### WHAT TO PRODUCE
Below is a listing. Quote from it, exactly, the lines from the one containing "思茅揭秘代办公积金提取手续费的玄机与实用攻略" down to the one containing "Tony Gilroy Interview 2: Duplicity", both ends included, and nothing else.

### MATERIAL SUPPLIED
____________
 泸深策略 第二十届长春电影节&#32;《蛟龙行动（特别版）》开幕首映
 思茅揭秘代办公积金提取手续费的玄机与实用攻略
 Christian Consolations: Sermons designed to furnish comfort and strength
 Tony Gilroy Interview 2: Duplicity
____________
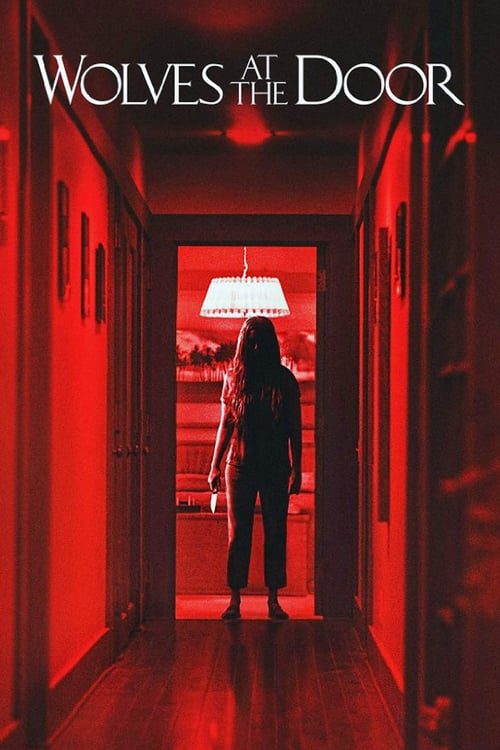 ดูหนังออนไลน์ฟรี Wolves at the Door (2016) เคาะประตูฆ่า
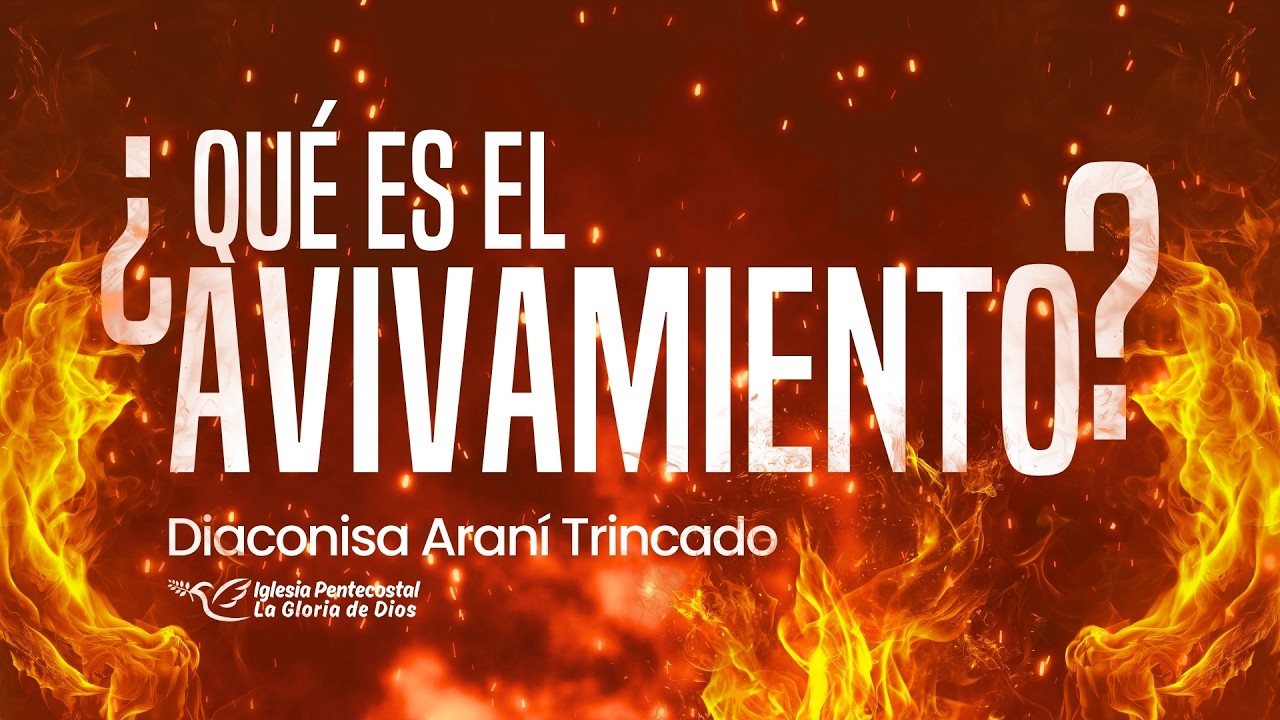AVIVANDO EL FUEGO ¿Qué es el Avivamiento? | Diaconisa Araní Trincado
____________
### TASK RESPONSE
 思茅揭秘代办公积金提取手续费的玄机与实用攻略
 Christian Consolations: Sermons designed to furnish comfort and strength
 Tony Gilroy Interview 2: Duplicity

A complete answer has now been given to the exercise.